Pitch Points: Pep’s next thousand games; will Messi drag Miami to glory?

Manchester City v Liverpool - Premier LeagueMANCHESTER, ENGLAND - NOVEMBER 9: Pep Guardiola Manager / Head Coach of Manchester City celebrates with Bernardo Silva of Manchester City at full time following the 3-0 victory during the Premier League match between Manchester City and Liverpool at Etihad Stadium on November 9, 2025 in Manchester, England.
Pep Guardiola has refashioned Manchester City yet again. Photograph: Robbie Jay Barratt/AMA/Getty Images

What will Pep Guardiola’s next 1,000 games look like?

Pep Guardiola has done a lot with his 1,000 matches as a manager. At Barcelona, Bayern Munich and Manchester City, he has lifted 40 trophies (including three Community Shields, because why wouldn’t you count them?), yet not even this fact quantifies the way Guardiola has defined an entire era (or two) of the sport.

And he’s working on setting the zeitgeist again. In his 1,000th match in the dugout on Sunday, Guardiola watched his City side dismantle Liverpool in a way that suggests the 54-year-old’s next great team is in the pipeline.

While so many of soccer’s best teams in 2025 are all about the press, Guardiola wants his Manchester City team to find solutions with the ball. Against Liverpool, he fielded three natural creators (Rayan Cherki, Phil Foden and Bernardo Silva) to play through the middle with Jérémy Doku also tucked inside to overload the centre and dribble to his heart’s content. The Premier League champions couldn’t cope.

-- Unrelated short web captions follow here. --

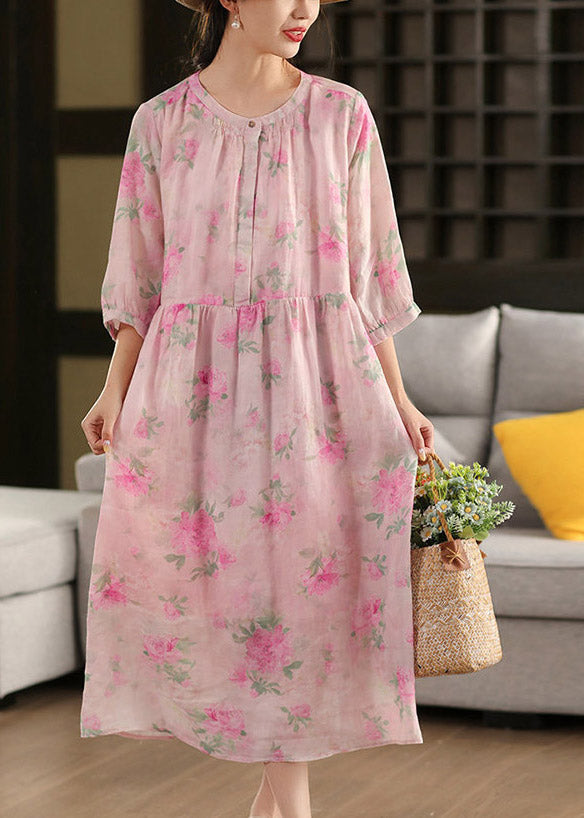 Cute Pink O-Neck Print Patchwork Linen Maxi Dress Half Sleeve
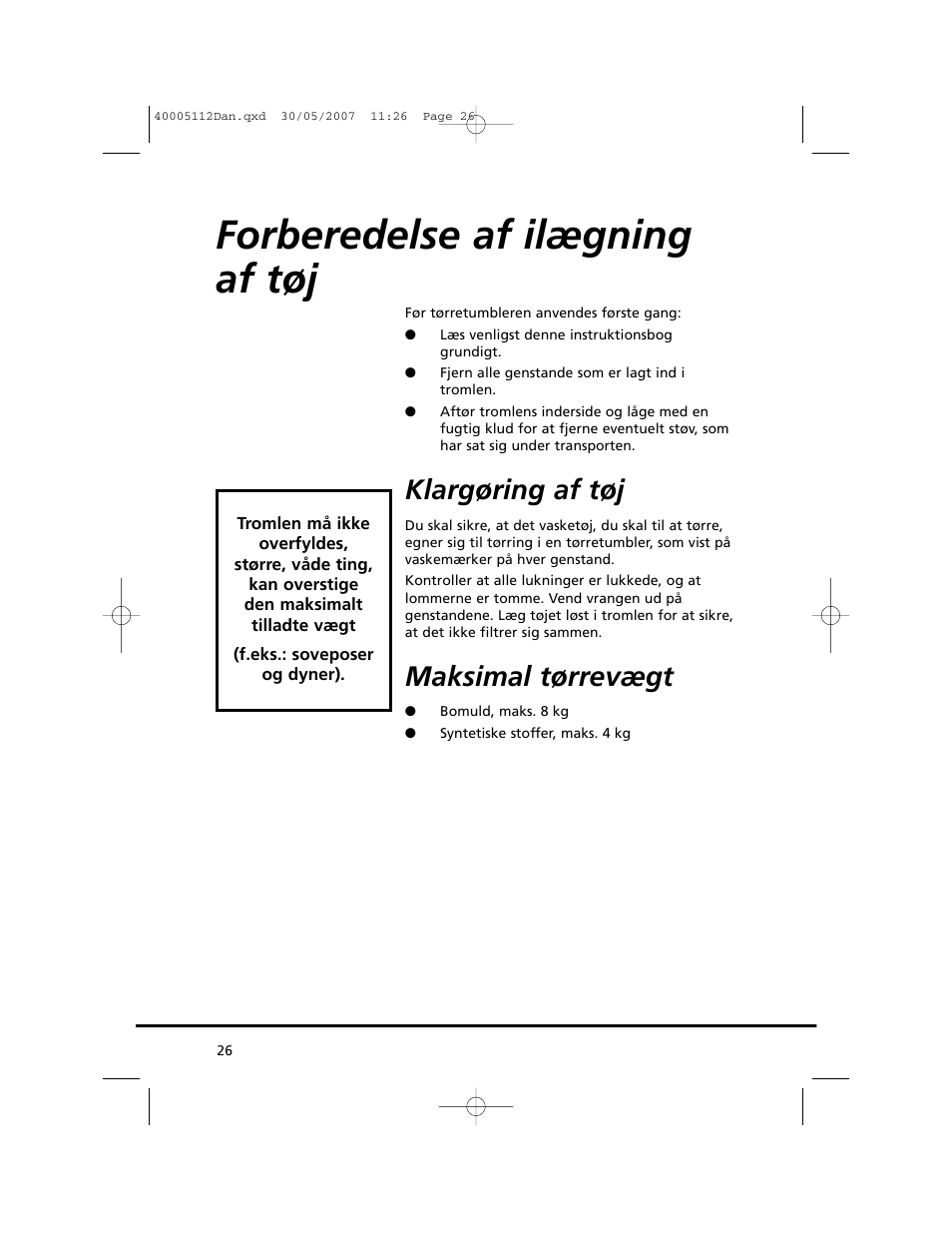 Forberedelse af ilægning af tøj, Klargøring af tøj, Maksimal tørrevægt | Candy GO DC 38T-86S User Manual | Page 26 / 92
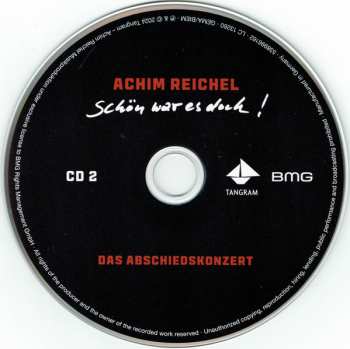 2CD Achim Reichel: Schön War Es Doch ! Das Abschiedskonzert 561929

As if that wasn’t enough for Liverpool to handle, Nico O’Reilly was given the freedom to get forward and take up positions that twisted Liverpool’s Conor Bradley into a knot while Erling Haaland did Erling Haaland things. Even without Rodri, City had full control of the game in the centre of the pitch. It was a complete performance.

Passing in the Premier League is at a 15-year low. Long throws are up 100% and route one soccer is back. Guardiola, though, is attempting to get ahead of the curve. He’s anticipating the next tactical evolution and is doing all he can to ensure his Manchester City team are the ones leading it.

Did the CPL championship game have the craziest-ever conditions for a final?

Sunday’s Canadian Premier League final couldn’t have looked any more Canadian if it had tried. Played in temperatures of -8C (17.6F) amid blizzard conditions, Atlético Ottawa’s extra time win over Cavalry FC was more of a Winter Olympics event than a soccer match. The goalkeepers who used shovels to clear the penalty boxes of snow every 15 minutes could be curling sweepers.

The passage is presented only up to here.